Nicola Cortese is the chairman of Southampton. Hold on to that fact because in the age of the owner-manager it is easy to become confused. Cortese has spent the last week holding his club, the club he runs, to ransom.
There have been veiled threats, there have been carefully floated ultimatums, there has been disruption and wild talk of disintegration. Not from his lips, obviously, but informed sources. Nothing was ever denied and in the end, he got what he wanted.
If Cortese were Wayne Rooney or Harry Redknapp, a figure from the sweaty end of football’s market place, he would no doubt have been pilloried. As he wears a suit, his brinkmanship passes without comment.
Meanwhile, over at Manchester City, a rather tawdry smear campaign against Roberto Mancini is being used to realign the position of incoming coach Manuel Pellegrini. The so-called holistic approach is merely just an old-fashioned grab for power by the executives. The owner-manager age is reaching its logical conclusion.
They think they are players, these guys. Literally and metaphorically. It is always about Cortese at Southampton. When he grants an interview he rarely mentions the manager and if he is beginning to talk up the work of Mauricio Pochettino, it is only because his appointment in controversial circumstances was so plainly Cortese’s call that he basks in any reflected glory.
After a week of confusion, Cortese’s decision to stay at Southampton, announced on Saturday, was depicted as having prevented a mass walk-out.
Quite where everyone was going to walk to, considering manager and players are under contract and Cortese doesn’t own a football club, is a mystery. Cortese’s great talent is for spending another man’s fortune. Most owners, from Roman Abramovich to Tony Fernandes, are capable of doing that themselves.
The benefactor at Southampton was the late Markus Liebherr who, having bought the club and employed Cortese as chairman, died in 2011. Southampton is now in the hands of the Liebherr Trust, run by Katharina Liebherr, and she has allowed Cortese to continue with a generous budget.
Here the conflict lies. Cortese is an ambitious man. Ambition costs money in the Premier League. Liebherr Trust money.
Katharina did not appear to share Cortese’s enthusiasm for spending her father’s bequest. So Cortese played up, just as a manager would. Stories began appearing that he would quit.
Then Pochettino said he would go with him. Morgan Schneiderlin spoke for the players, claiming many would consider their future. The fans were certainly on Cortese’s side because fans always want their club to spend.
Yet it is very easy to be big-hearted Charlie with another man’s money. By acting like a manager, Southampton’s chairman only shines light on the real hero here: Katharina Liebherr.
Nobody sings her name, yet what is Cortese without her? He’s a guy playing fantasy football. Where does this owner-manager tendency end? Will chairmen start demanding showdown talks with themselves?
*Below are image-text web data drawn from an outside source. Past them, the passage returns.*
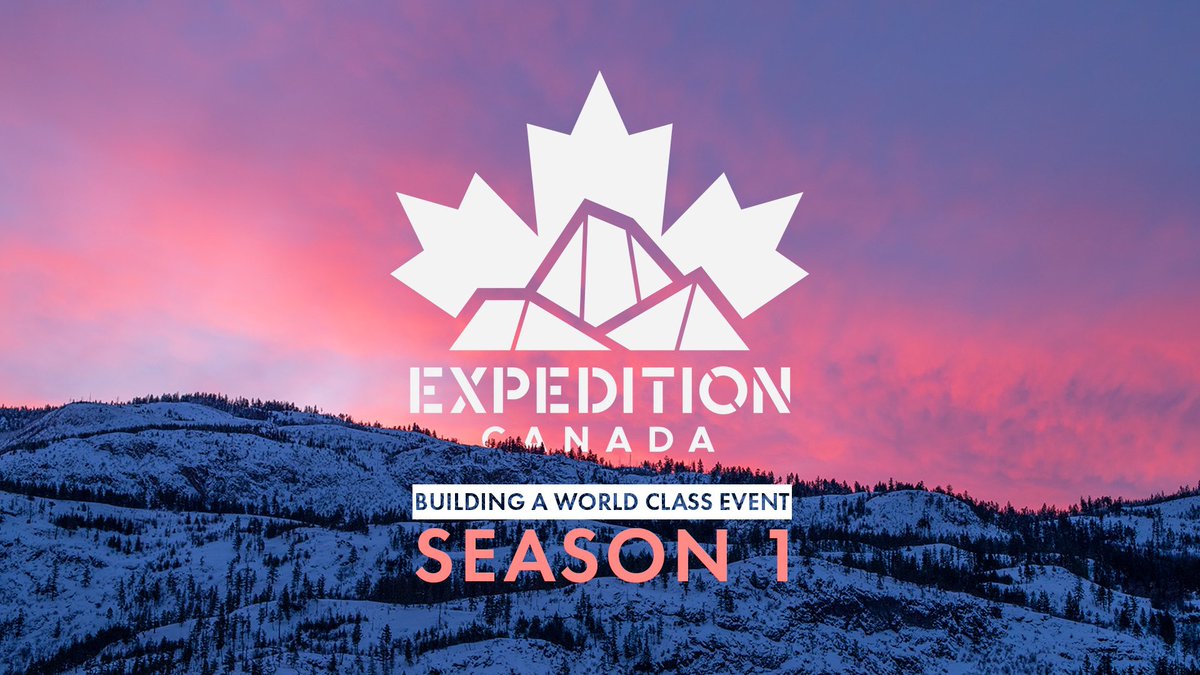 Expedition Canada Show tweet media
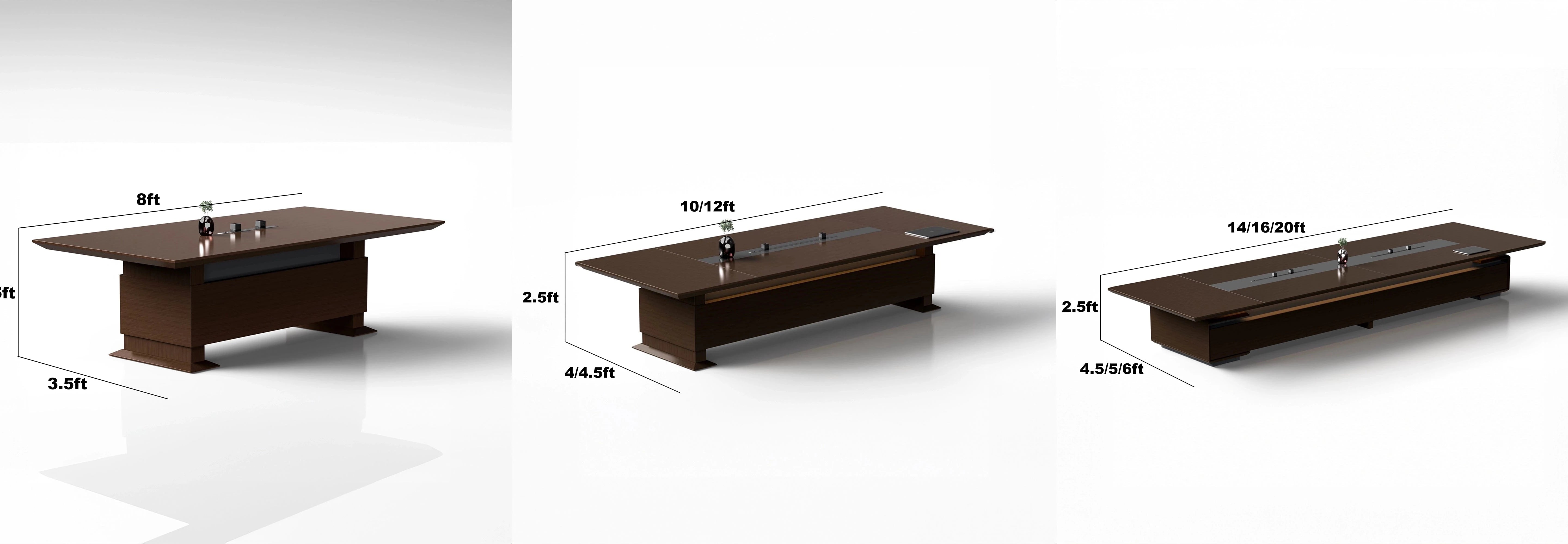 Hunter · Conference Room Table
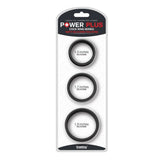 Silicone 3 Piece Pro Cock Ring Set – Stretchy Comfortable Cock Rings > Cock Ring > Sets - Tophatter Daily Deals
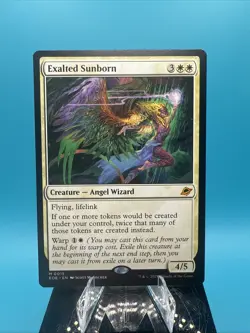 Exalted Sunborn Edge of Eternities Regular - Image 1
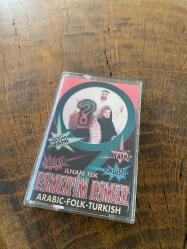 İLHAN TEK - ESMER'İM ESMER 9 - KASET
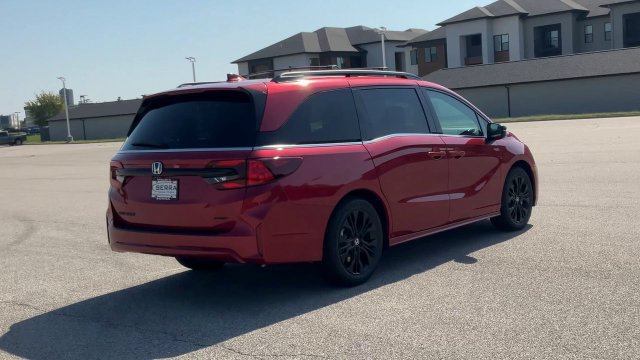 New 2027 Honda Odyssey Sport-L image 8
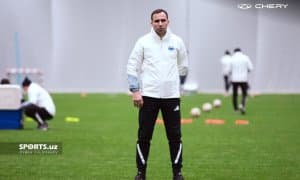 Тимур Кападзе: "Ким қайси ўринда бўлиши йил охирида билинади"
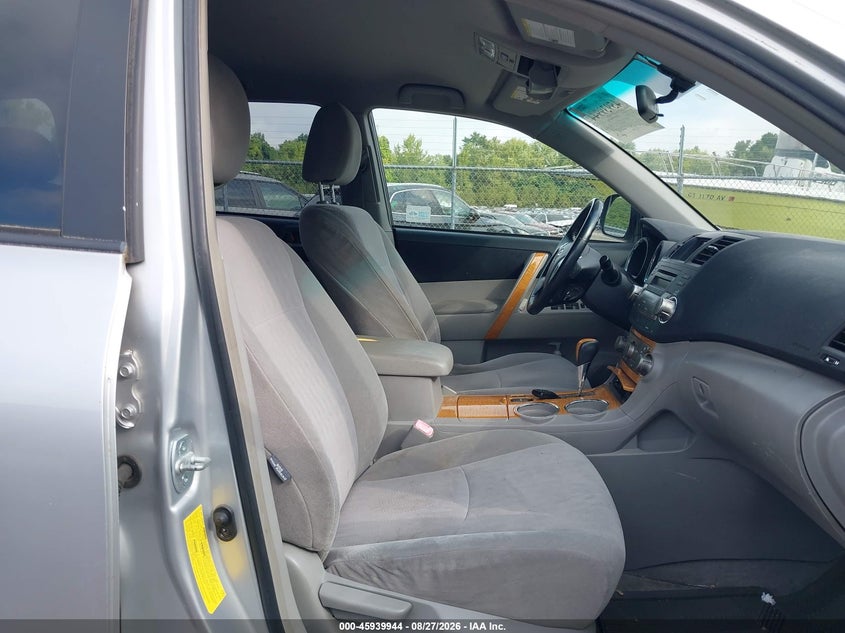 2008 TOYOTA HIGHLANDER HYBRID auction photo 5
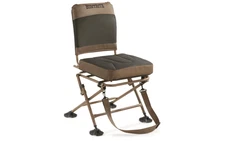 Guide Gear Huntrite 360 Swivel Hunting Blind Chair, 300 Pound Capacity, Folding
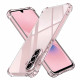 Techsuit Shockproof Clear Silicone Samsung Galaxy A27 5G Clear Techsuit Shockproof Clear Silicone Samsung Galaxy A27 5G Clear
Telling themselves: back me or I quit? Maybe in times of crisis a chairman will give himself a vote of confidence — and sack himself two days later. We wish.
Yet if Cortese sees himself only as an employee, not the custodian, what happens when Southampton hit that inevitable glass ceiling? Does he agitate for a move to a bigger club, as a manager might? Is Southampton just his stepping stone?
Chelsea are increasingly convinced they will sign Southampton’s most exciting prospect, left back Luke Shaw. Did this week of upheaval play a part? It can hardly have helped, if Shaw was pondering his future, to hear that half the club, from the chairman down, was doing the same.
Yet the owner-manager phenomenon is spreading. It is not just owners who want to run the club these days.
There is a middle raft of executives — Cortese at Southampton, Daniel Levy at Tottenham Hotspur and the former Barcelona pair Txiki Begiristain and Ferran Soriano freshly installed at Manchester City — who are seizing their moment.
At City, the trashing of Mancini’s reputation — he even took out a full page ad in the Manchester Evening News to thank the fans, the rotter — is merely a smokescreen.
It is being used to usher in a change of approach that will, ostensibly, guard against another tyrannical reign. In reality, Begiristain and Soriano are expanding their empires. Pellegrini will dance to their tune.
There is already talk of Pellegrini grooming Patrick Vieira to be manager, long-term. He hasn’t turned up yet and they are already counting down to when he can go.
Who is Begiristain grooming to be director of football, by the way?
Isn’t it strange that, however important these executive roles are made to appear, it is only the manager who must plan to be shunted aside.
The director of football wants to be judged in 10 years; the manager gets 10 games.
David Moyes has been given a six-year contract at Manchester United, Pellegrini is likely to receive one third of that at Manchester City.
Now which club is truly taking a holistic approach?